Po tej małej "kłótni" wzbiłam się w powietrze. Wiedziałam, że to z lekka niebezpieczne, ponieważ jeszcze nie czułam się perfekcyjnie, ale zgodnie z tym, co wiem o mojej "chorobie", jak to myśli Serine, zawroty ustąpią za 5 minut. Pojawią się kolejny raz wieczorem i tak codziennie: rano, wieczór, rano, wieczór. Zgodnie z tym, co mówi legenda:
"Pali w dzień, pali w noc,
Ta niezmierzona, wielka i przeogromna moc..."
Dolegliwości ustawały. Miałam rację, a basior jak zwykle przesadza. Nie ma pojęcia o tym, co teraz dzieje się w moim życiu i nie zostanie o tym poinformowany, a na pewno nie przeze mnie. Nie chcę, żeby się nade mną litował. Ma narzeczoną i to jest teraz priorytetem. Upajałam się świeżym powietrzem. Z każdą minutą czułam się coraz lepiej, lot mnie uspokajał. Potrzebowałam tej chwili. W pewnym momencie usłyszałam dźwięk trzepoczących skrzydeł, ale nie moich! Zniżyłam się do lądowania. Za mną stanął Serine.
- Cei, powiedz mi, co się dzieje? - zapytał z taką troską, z takim żalem, że o mało co nie pękłam.
Nie wiedziałam, co mu odpowiedzieć. Musiałam coś powiedzieć, ale jednocześnie ukryć prawdę.
- Serine, ja... Wiem, że cię odrzucam, że zachowuję się wobec ciebie okropnie, ale nie mam zielonego pojęcia, co robić w tej sytuacji. Jestem podstawiona pod ścianą i nie mówię tu tylko o sytuacji z Chase, chociaż to też po części się liczy. Ja po prostu... - zacięłam się, nie wiedziałam, jak mu to powiedzieć, żeby nie nabrał podejrzeń - Wynikła pewna okoliczność. Nie mogę ci obecnie wytłumaczyć, o co chodzi.
- Nie ufasz mi? - usłyszałam smutek w jego głosie.
No ładnie, to się teraz wkopałam.
- Nie, to nie tak. Teraz tylko ty musisz mi zaufać przez jakiś czas. To jest niezwykle skomplikowane. Ja sama jeszcze do końca tego nie rozumiem. Daj mi czas na przemyślenie całej sprawy - próbowałam jakoś wszystko załagodzić.

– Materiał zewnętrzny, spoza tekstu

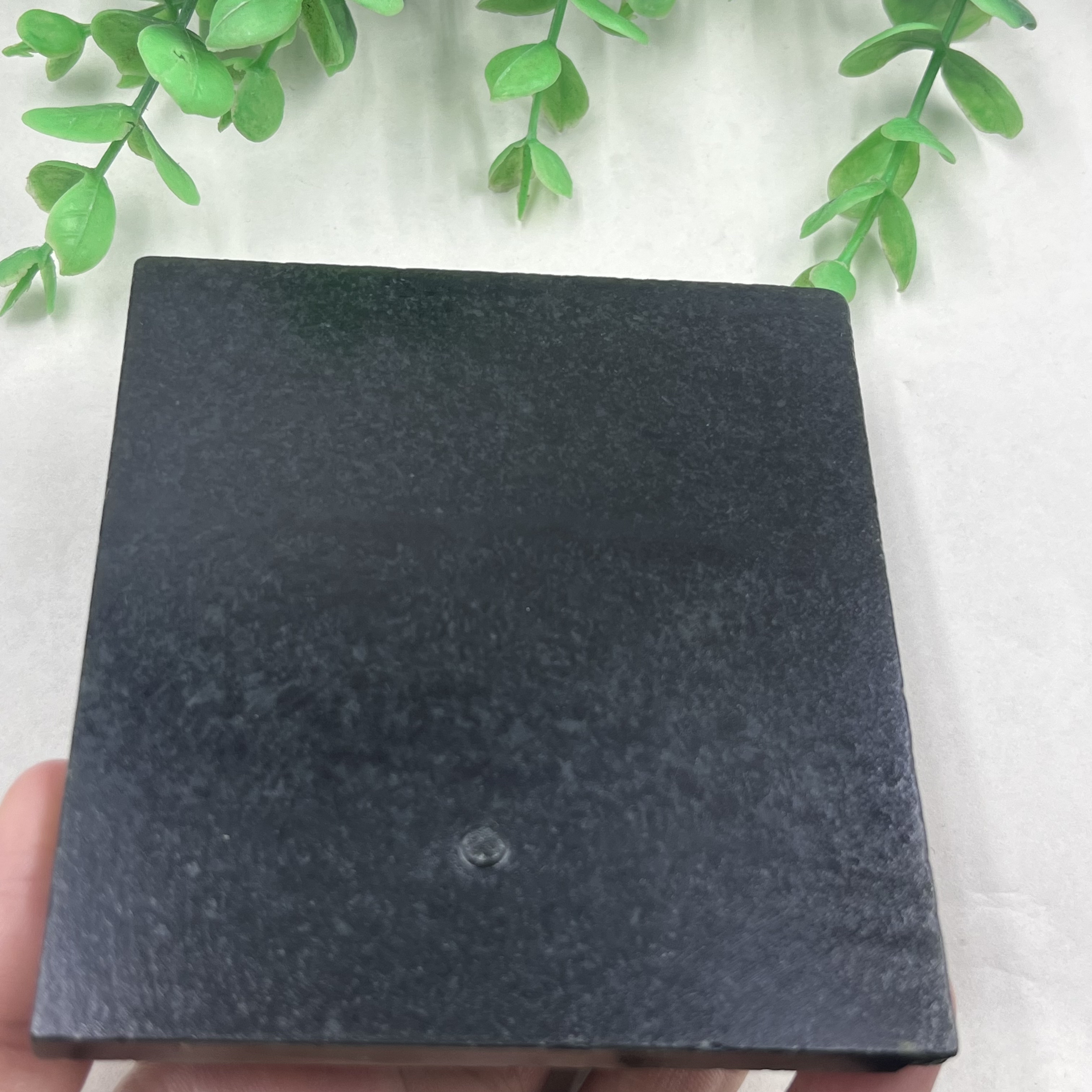 新疆和田玉糖青玉且末蓝薄片牌子边角料刮痧板玉石料包邮118克t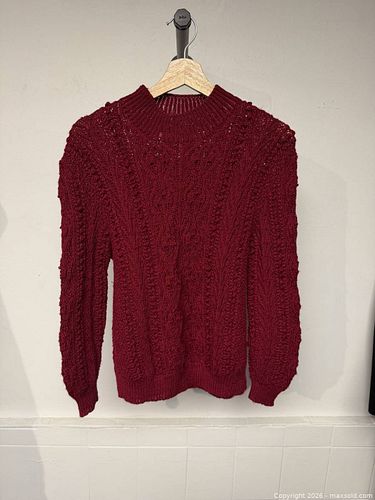 Violet woman sweater (1 of 3)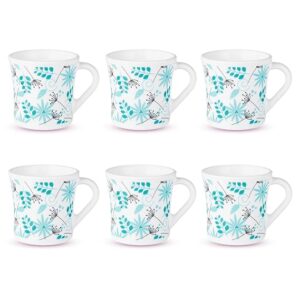Larah by BOROSIL Crysta Series Stardust Opalware Mugs,100ml
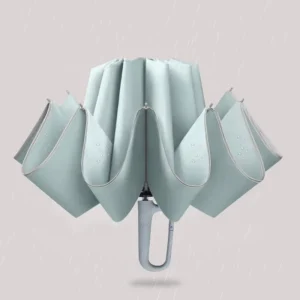 Factory Automatic Umbrella with Polyester Hook Handle for Retail and Gift Sets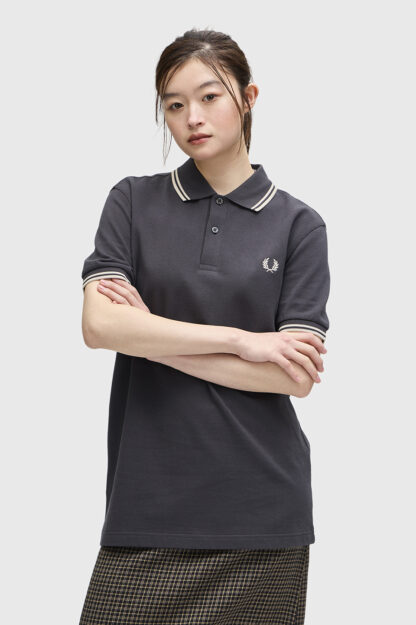 Polo Fred Perry M3600 Gris - Imagen 13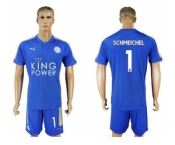 Leicester City #1 Schmeichel Home Soccer Club Jersey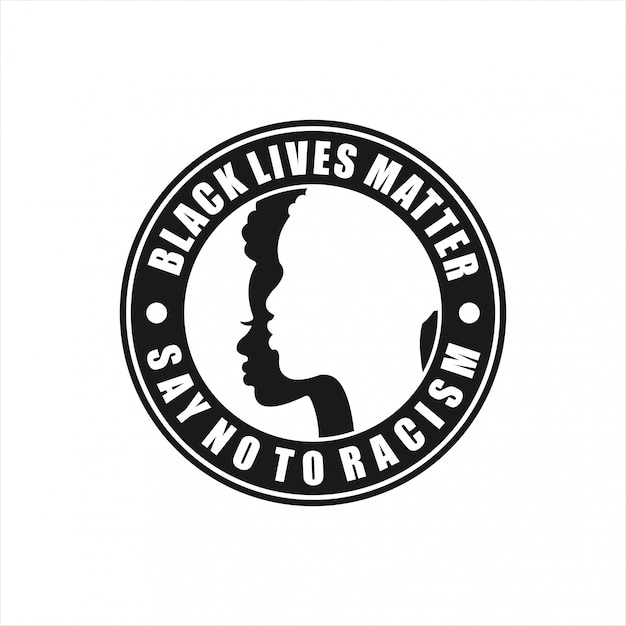 Black Lives Matter Say No To Racism Logo   Design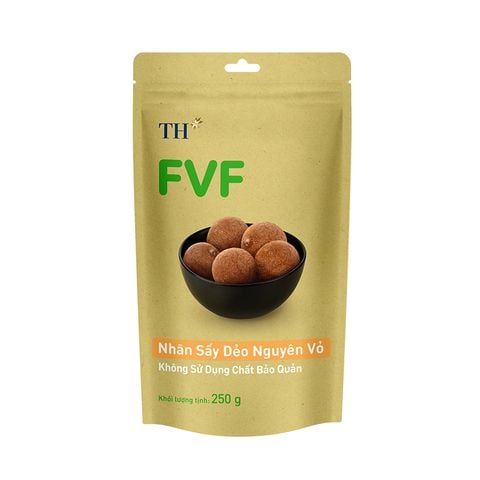  Nhãn Sấy Dẻo Nguyên Vỏ FVF 250 g 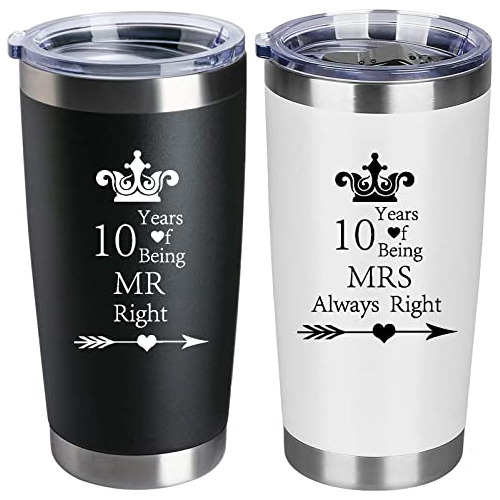 Juego De 2 Vasos Térmicos De 10º Aniversario De Compr...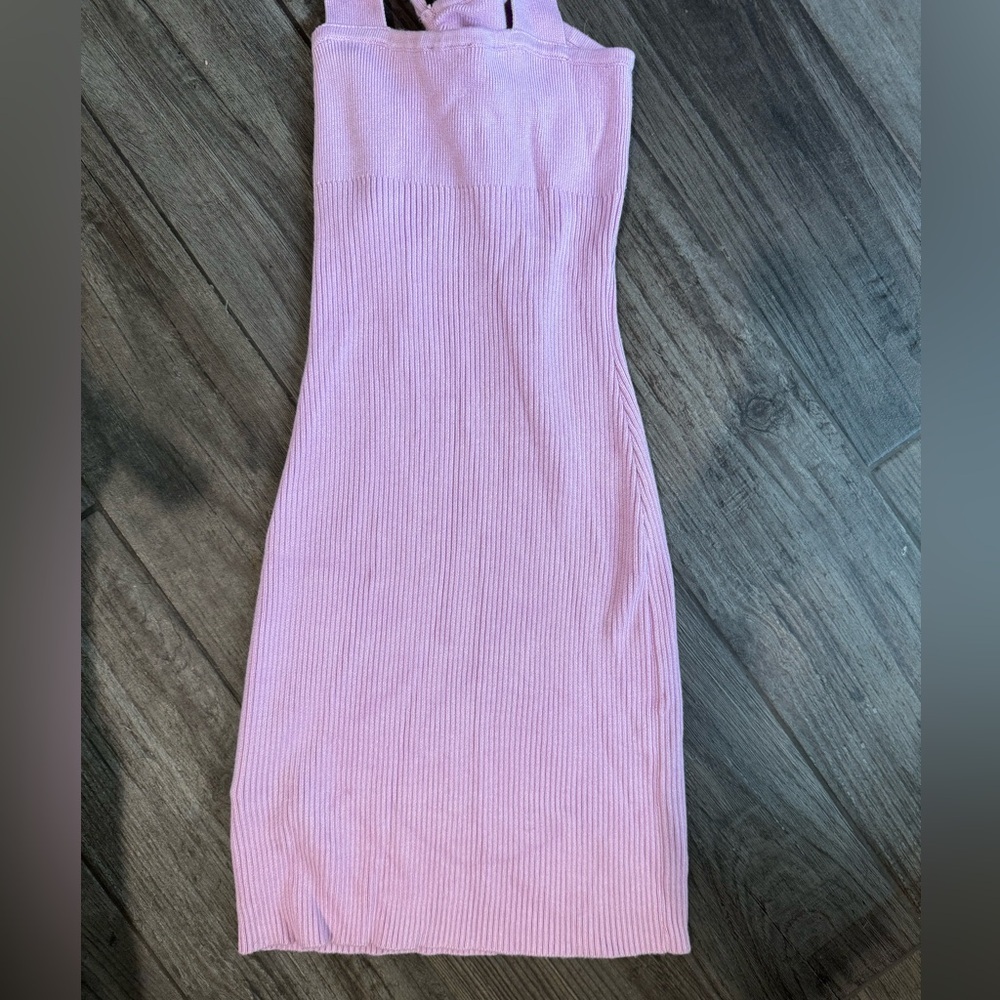 Abercrombie & Fitch criss cross halter strap mini dress - Picture 8 of 9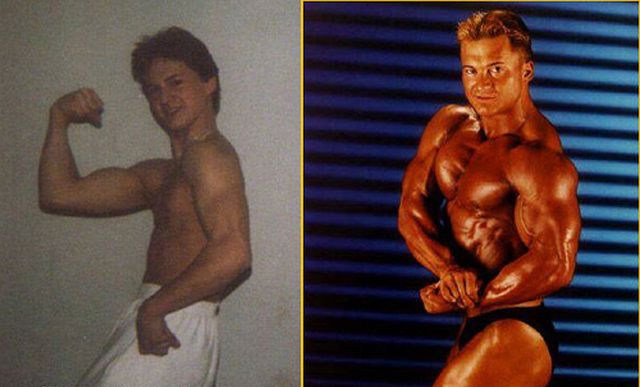 Before and After Muscle Men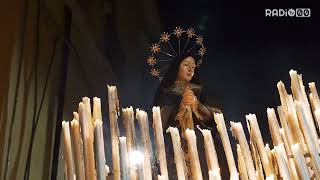 Le immagini del passaggio della Processione di Gala dalla chiesa di San Francesco d'Assisi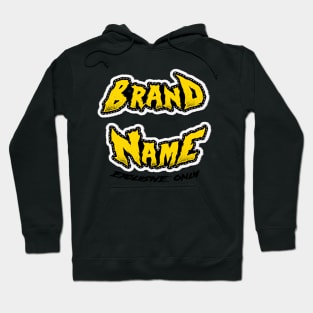 Logotype Embroidery Effect Hoodie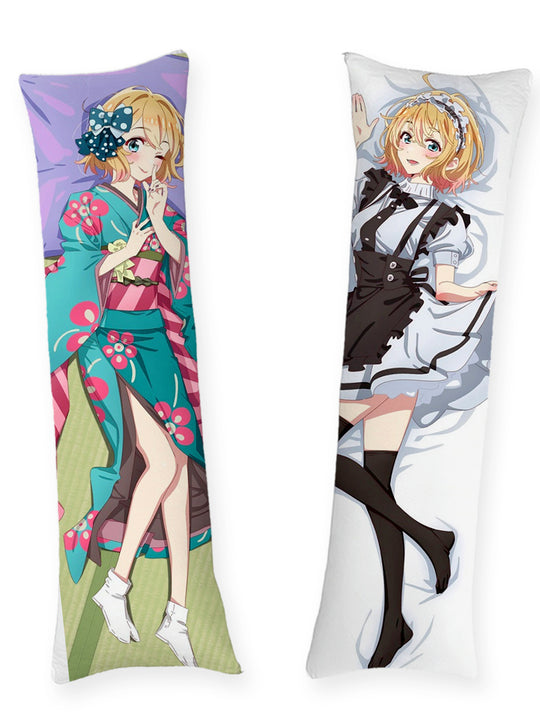 Mami Nanami Groenblauwe Kimono Dakimakura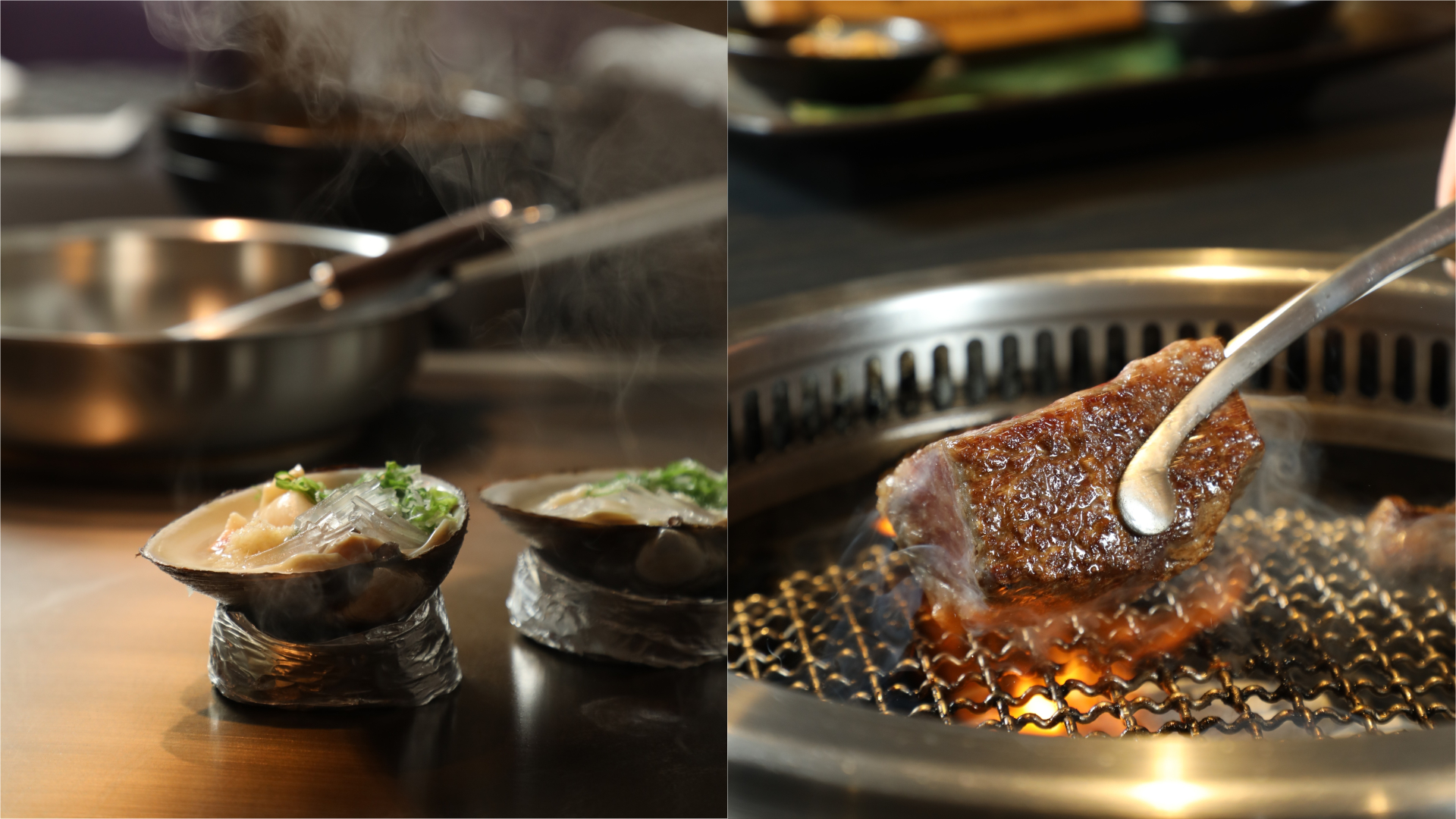 「犇 和牛館」除了燒肉，引入招牌鐵板燒，匯聚蒸、烤、煎、煮、炸等烹調技巧。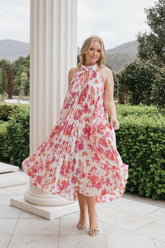 Sirmione Maxi Dress - Pink Floral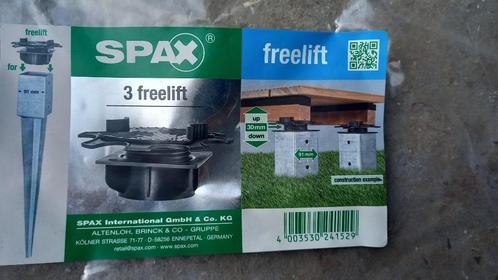 Spax freelift, verstelbare terrasdrager, Jardin & Terrasse, Terrasses, Neuf, Synthétique, Enlèvement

- Dobrze, ale błagam nie odtrącaj mnie tak. Zrobię wszystko, tylko nie traktuj mnie w taki sposób - rzekł błagalnym głosem.
Spojrzałam na niego. Pierwszy raz z tęsknotą w oczach. Tęsknotą za nim... Za jego dotykiem, za słowem, za wspólnie spędzonymi chwilami, w których byłam najszczęśliwsza na świecie. Wiedziałam jednak, że tę tęsknotę muszę opanować. W jego pięknych tęczówkach zapaliła się maleńka iskierka nadziei, ale zaraz pozwoliłam jej brutalnie zgasnąć, odwracając wzrok.
- Postaram się, ale w głowie mam tylko jedno. Na wszystko patrzę przez pryzmat Chanse - twojej narzeczonej. Muszę się liczyć z tym, że teraz to ona będzie dla ciebie najważniejsza. Nie chcę psuć waszej relacji. Postaram się zachowywać chociaż w połowie tak, jak kiedyś, ale to nie jest takie łatwe, naprawdę...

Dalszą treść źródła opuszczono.